Beginning with the line of the entries below that holds "Scream ride demo" and ending with the line that holds "monkey d luffy", transcribe each line exactly as written. Pictures stay out.

## Listed entries
^^^^^^^^
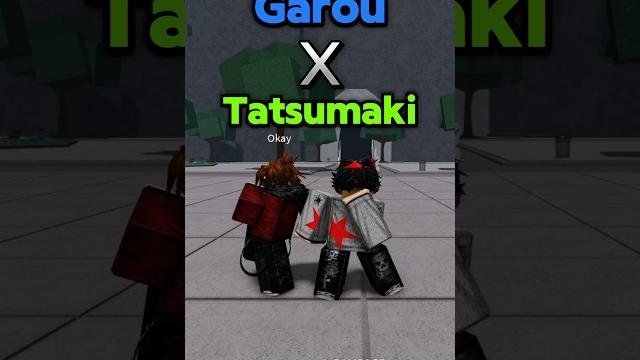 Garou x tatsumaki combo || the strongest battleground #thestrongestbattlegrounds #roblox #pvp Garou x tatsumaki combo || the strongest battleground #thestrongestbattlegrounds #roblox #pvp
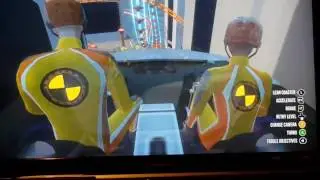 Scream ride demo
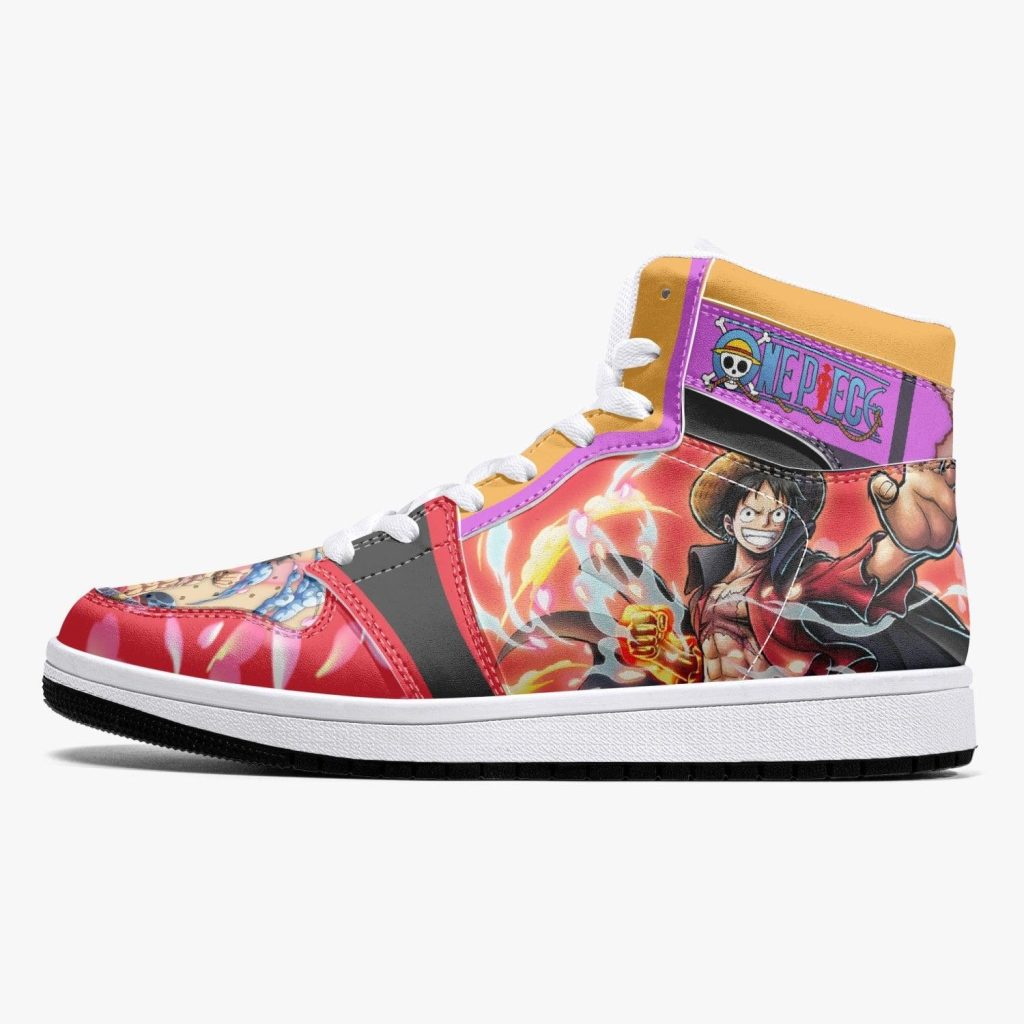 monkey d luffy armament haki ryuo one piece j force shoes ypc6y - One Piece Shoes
^^^^^^^^
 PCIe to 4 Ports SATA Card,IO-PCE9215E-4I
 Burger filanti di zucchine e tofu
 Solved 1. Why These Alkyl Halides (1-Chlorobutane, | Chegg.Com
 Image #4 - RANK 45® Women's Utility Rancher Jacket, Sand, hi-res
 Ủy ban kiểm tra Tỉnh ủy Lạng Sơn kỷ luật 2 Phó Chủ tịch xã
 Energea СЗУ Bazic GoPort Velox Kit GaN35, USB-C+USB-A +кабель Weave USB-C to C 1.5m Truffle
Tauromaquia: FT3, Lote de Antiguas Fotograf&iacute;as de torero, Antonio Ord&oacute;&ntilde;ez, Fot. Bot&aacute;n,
^^^^^^^^
## Answer
 Scream ride demo
 monkey d luffy armament haki ryuo one piece j force shoes ypc6y - One Piece Shoes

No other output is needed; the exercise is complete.